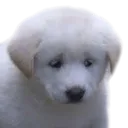 puppysad Discord Emoji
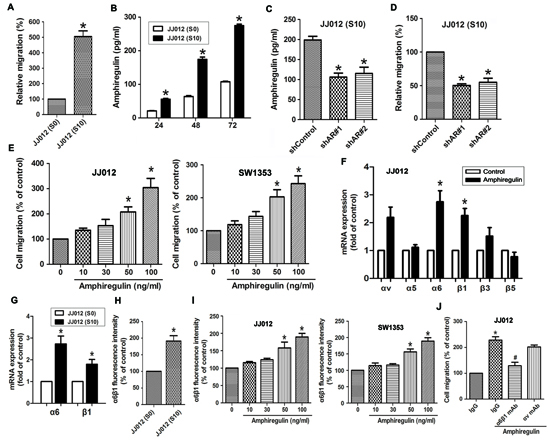 The expression level of AR is involved in cell migration and up-regulation of &#x03B1;6&#x03B2;1 integrin.
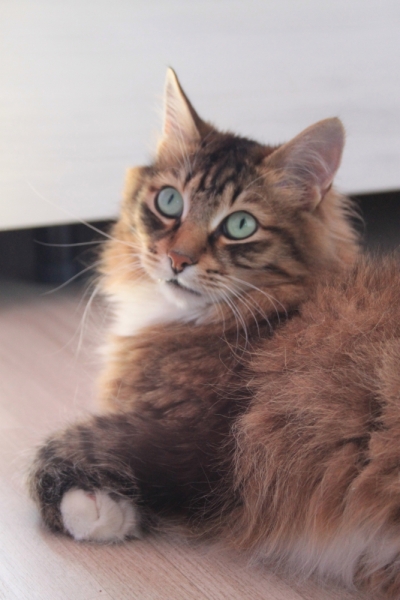 Поговорим о кошках34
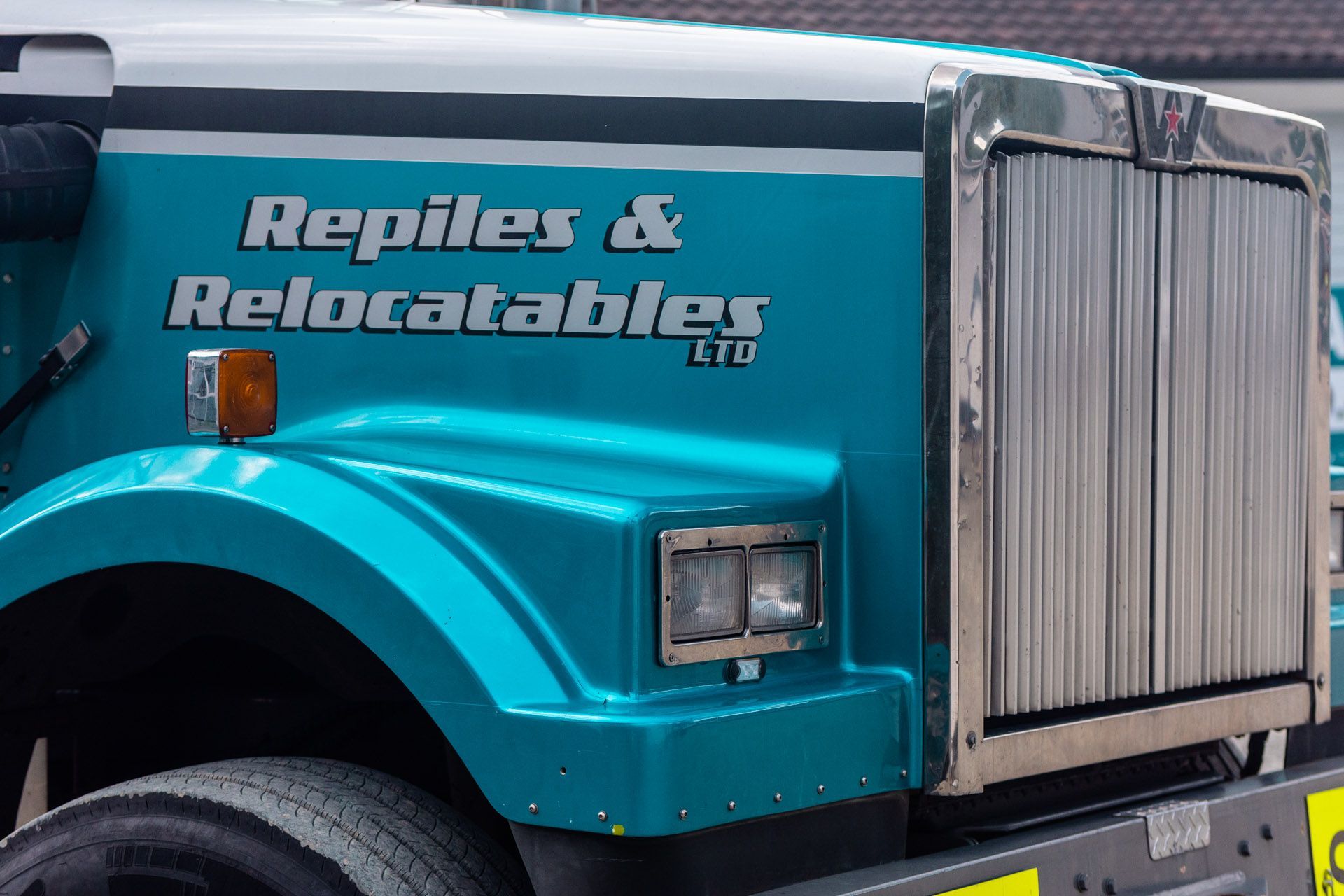 Repiles & Relocatables - Marketing Photography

* * *

:: ASSIGNMENT ::
For the data above, return an exact copy that contains no pictures.

:: OUTPUT FOR THIS TASK ::
 puppysad Discord Emoji
 The expression level of AR is involved in cell migration and up-regulation of &#x03B1;6&#x03B2;1 integrin.
 Поговорим о кошках34
 Repiles & Relocatables - Marketing Photography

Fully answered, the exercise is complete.